Nowadays Ochandiano abounds, like most Basque towns, in nice bars and taverns, most of all along Uribarrena, the main street. So, once I’ve explored this village’s corners and taken some few pictures, I get into a small tavern where two old men, speaking Spanish, finish off their wine glasses. I ask the waiter, another talkative and kind old man, to be served a glass of the same wine. He explains: ‘it’s quite popular this wine, good and not expensive.’ But is it local?–I ask. ¡Oh!, I don’t know about that. I believe it’s from Catalonia.’ This old man and his customers don’t seem to care much about the Basque identity. Upon leaving the bar, he sees me off and points to a restaurant where, he says, I can eat well and affordable.
Yet, before going for luch, I stop by a neighbouring bar, one of those so-called herriko-tabernas, where the money for the Basque cause and terrorism is collected, or so the story goes. I order a wine and a pincho. Bai, the waiter replies in Basque (means “yes”). He’s a fine dude, like most people here, sporting a rasta look, some piercings and a hippy look. He talks in basque to other youngsters. The whole premises are decorated with independence signs and symbols, supporting the terrorists. Flies freely swarm around the pinchos. When I ask the bill and pay, he tells the price in Spanish and thanks in Basque.

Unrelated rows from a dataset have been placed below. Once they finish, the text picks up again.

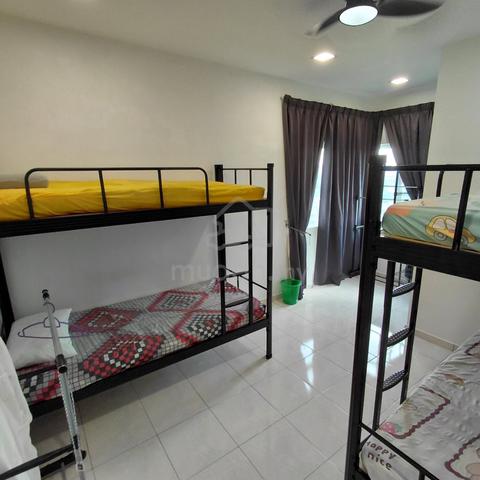 Spacious Sharing Room for Rent Bandar Puteri Puchong Walk to LRT 9 Min 1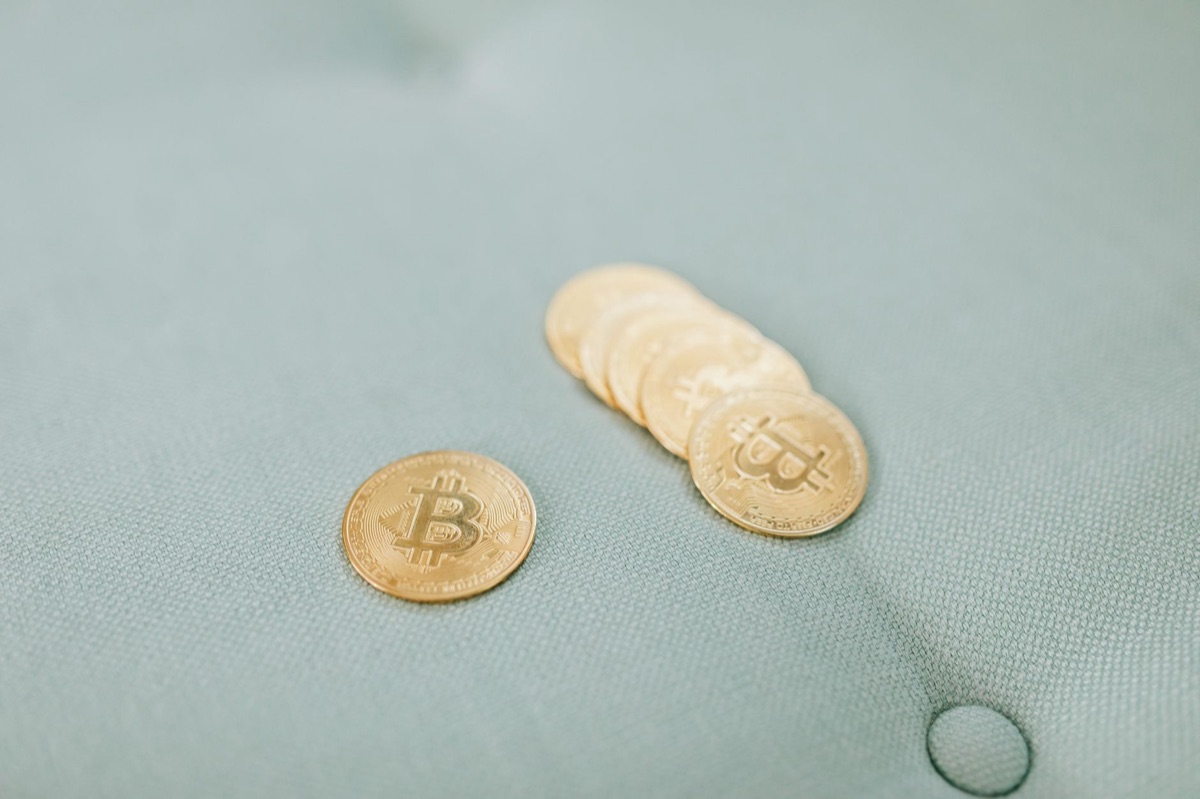 Pièce physique de Bitcoin en gros plan.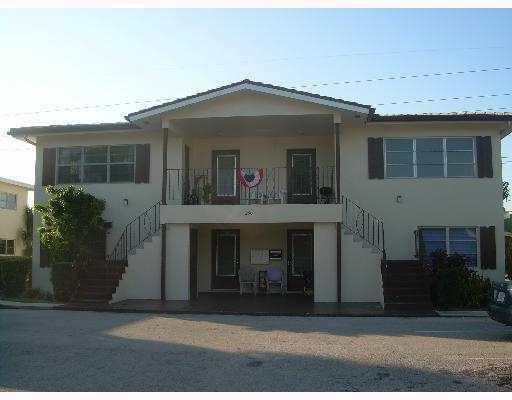 front of building - 260 SW 7th St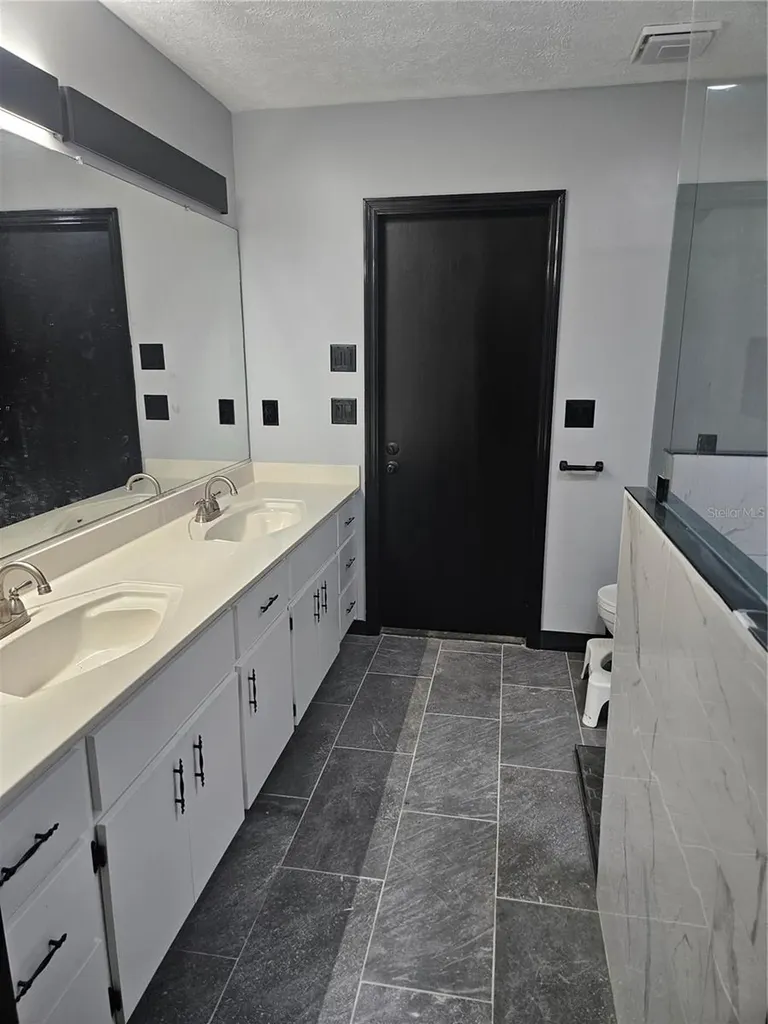 985 SE 56th Court Ocala FL 34480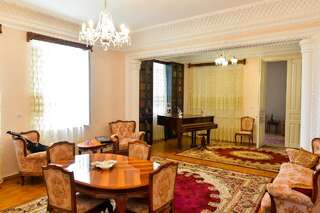 Проживание в семье Gold Guest House Кутаиси-0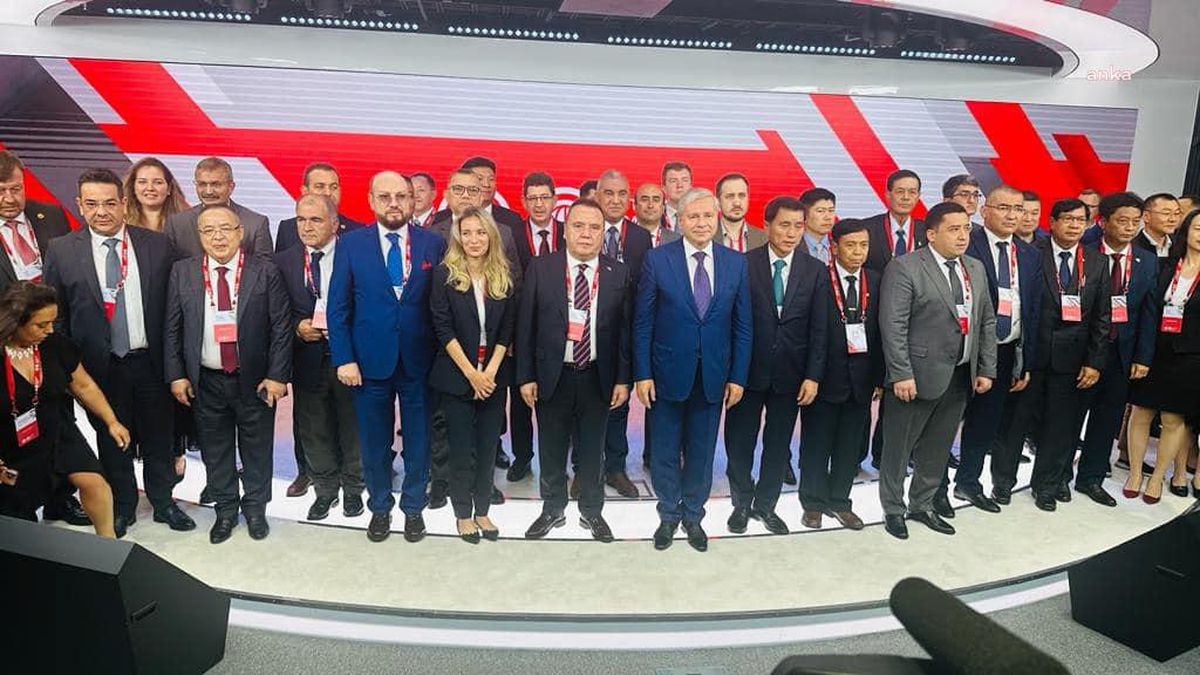 Antalya Büyükşehir Belediye Başkanı Muhittin Böcek, Moskova'da Uluslararası Ulaşım Zirvesi'ne katıldı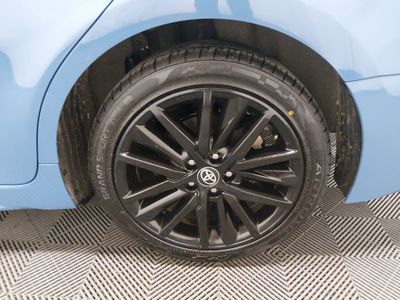 2024 Toyota Camry — photo 10 view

Funny -think I- that the most radicals are the youngsters, who never saw any repression nor knew dictatorship times. I guess it’s a matter of the indictrination they go through. When I go out, I see three moors clad in their colourful robes; obviously no tourists. This region has drawn a striking muslim invasion: cities are crammed-full of moors, and you find them even in the remotest village. This land will be eventually Islamized long before the Basques fulfill the cultural immersion they endeavour.
Ochandio stands right in the middle of a fish and wine route; so, when entering the restaurant, I already have in mind what I’m going to order: fish soup and grilled bass. The staff is kind and serviceable, food is good, but the wine… could have dyed a whole river.
For a coffe I go to yet another bar, in the other end of the street. A young, pretty and very nice waitress tends to me. She also talks in Basque with the locals, while serving me a very aromatic coffe. I drink it outside, sitting at one of the street tables. The place, the temperature and the atmosphere make me feel like in one of those beautiful and tidy French towns. Only cheaper and closer.
A last walk, a few more shots, and I go back where Rosaura is waiting for me. Helmet, gloves, starter, and I take the way back home, enjoying the landscape, the road bends, the autumn colours and the sweet scent of wet earth.